Abstract

The California Public Employee Retirement System (CalPERS) asserts ‘Our activism creates significant value for our members and all shareholders’. As evidence for this claim, CalPERS cites Anson et al. (‘The Shareholder Wealth Effects of CalPERS' Focus List’, Journal of Applied Corporate Finance, 15, 8–17, 2003), who show that positive excess (abnormal) returns from focus list firms average about 12 per cent for the 90 days following targetings between 1992 and 2001. In a follow-up study, Anson et al. (‘Good Corporate Governance Works: More Evidence from CalPERS’, Journal of Asset Management, 5, 149–56, 2004) show excess returns of 59 per cent for the 365 trading days following CalPERS' targeting.
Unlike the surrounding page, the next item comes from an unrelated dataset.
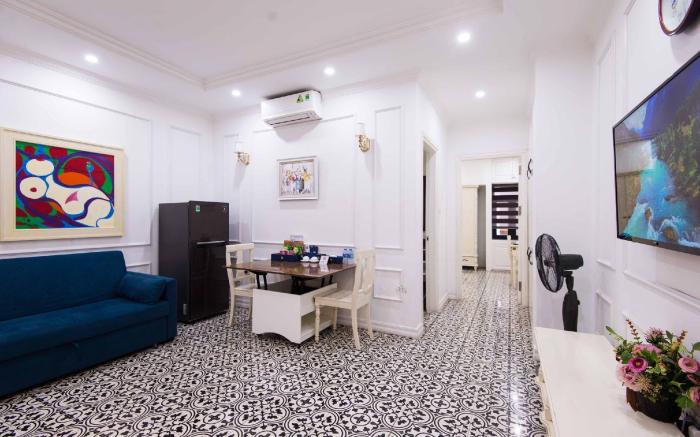 Luxe Paradise Suites Dich Vong Hau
This study finds that their results are driven by a significant bias in their market model alphas caused by estimation during periods of known underperformance and compounded over unnecessarily long event windows. When their analysis is repeated using parameters estimated post-event, no evidence of significant abnormal returns attributable to CalPERS activism is found. When shorter event windows immediately surrounding the announcement of the CalPERS focus lists are examined, no evidence that the market values CalPERS activism is found. Contrary to the results of Anson et al. (2003, 2004), after addressing various methodological concerns, this study finds no evidence of any shareholder wealth effects attributable to CalPERS activism.